Testing over the Argentine Pampas shows that TESSERA embeddings produce more accurate field boundaries than Google AlphaEarth Embeddings when used with the automated pipeline (embedding clustering + LULC filter + SAM2). The two embedding products differ fundamentally in architecture and input data:
-
TESSERA (Feng et al., 2025) is a pixel-wise foundation model trained on multi-modal Sentinel-1/2 time series using Barlow Twins self-supervision. It processes "d-pixels" — full temporal sequences of all spectral bands (S2) and SAR backscatter (S1) at each pixel — learning 128-D embeddings that are invariant to cloud-induced temporal gaps. Because it encodes the complete phenological trajectory (planting, growth, senescence) rather than a single composite, adjacent fields with different crop types, planting dates, or irrigation schedules produce distinct embeddings even when they appear spectrally similar in any single image.
-
Google AlphaEarth (Brown et al., 2025) uses a video summarization architecture with a "Space Time Precision" encoder that assimilates multiple EO sources into 64-D annual embeddings on the unit sphere S63. While it also incorporates temporal information through its support/valid period design, the released annual embedding fields are static temporal summaries that compress a full year into a single vector. The architecture prioritizes generality across diverse mapping tasks (land cover, biomass, evapotranspiration) rather than fine-grained agricultural phenology.
-
Why TESSERA produces better field boundaries: TESSERA's explicit modeling of temporal sampling invariance — training on random 40-observation subsets from the annual S1/S2 time series — makes it particularly sensitive to within-season crop dynamics. Two soybean fields planted two weeks apart produce different temporal profiles that TESSERA preserves in its embeddings. Google's annual summary tends to average out these intra-seasonal differences, causing adjacent fields with similar average reflectance to merge into single clusters.
-
Trade-offs: Google AlphaEarth has global coverage for 2017--2024 and is available as a GEE ImageCollection. TESSERA coverage varies by region/year (2017--2025) and requires the geotessera library for tile download and mosaicking.

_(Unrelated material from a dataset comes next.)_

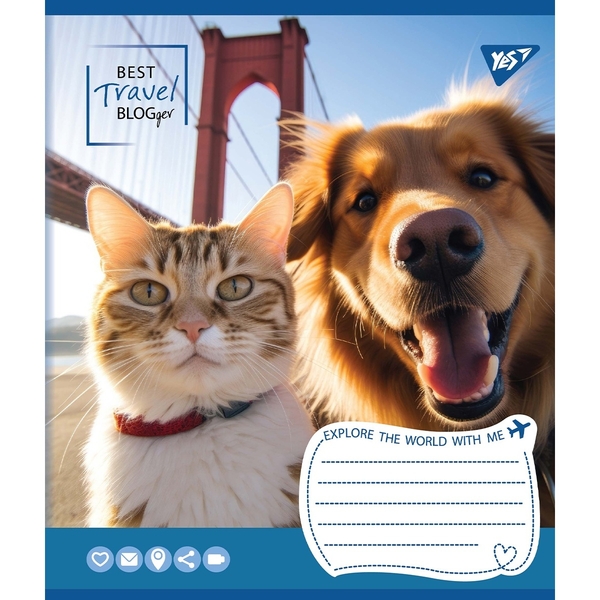 Набір зошитів Yes Best travel blogger А5, в клітинку, 36 аркушів, 15 шт. (767060) - Pampik - 4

For new study areas without reference boundaries, we recommend the example 15 pipeline with TESSERA embeddings where available, falling back to Google embeddings for global coverage.

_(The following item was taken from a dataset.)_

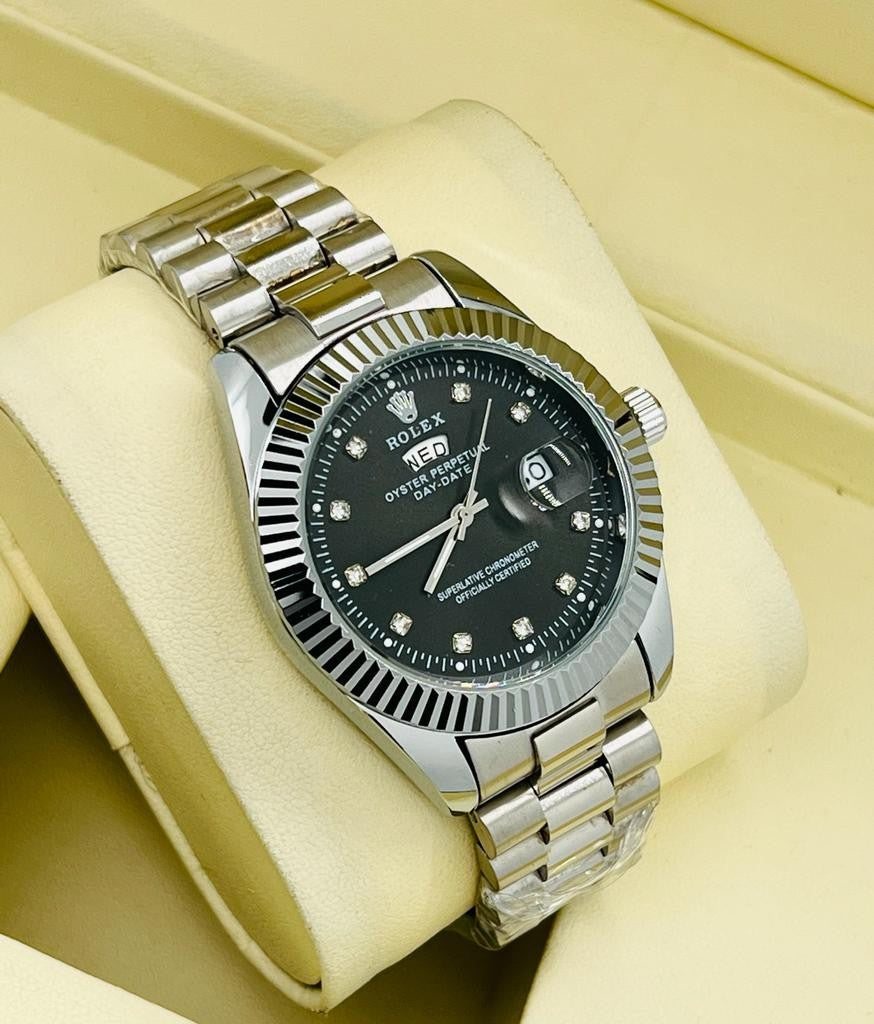 Rolex Oyster Perpetual com acabamento prateado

Examples 01, 12, 13, and 14 use NMOSE (New Mexico Office of the State Engineer) WUCB agricultural polygon boundaries for fine-tuning and/or evaluation. Examples 12 and 14 filter to eastern Lea County (County 25). Example 13 uses pre-computed DINOv3 boundaries from Lea County for standalone SAM2 refinement. The NMOSE shapefile is not included in the public repository — contact the agribound author (sayantan.majumdar@dri.edu) for access.

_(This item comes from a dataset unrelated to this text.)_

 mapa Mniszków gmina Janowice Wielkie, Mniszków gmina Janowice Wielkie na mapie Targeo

Each example creates an output directory under outputs/:
outputs/
├── new_mexico_timeseries/
│ ├── fields_landsat_1985.gpkg
│ ├── fields_landsat_1986.gpkg
│ ├── ...
│ ├── map_predicted_vs_reference.html
│ ├── map_timeseries_comparison.html
│ └── map_latest.html
├── india_nadia/
│ ├── fields_ftw_s2_2024.gpkg
│ ├── fields_google_2024.gpkg
│ ├── fields_tessera_2024.gpkg
│ ├── fields_spot_pan_2023.gpkg
│ └── map_ftw_vs_tessera.html
└── ...
.gpkgfiles contain field boundary polygons with area, perimeter, and provenance metadata..htmlfiles are standalone interactive maps (open in any browser) showing field boundaries overlaid on satellite basemaps.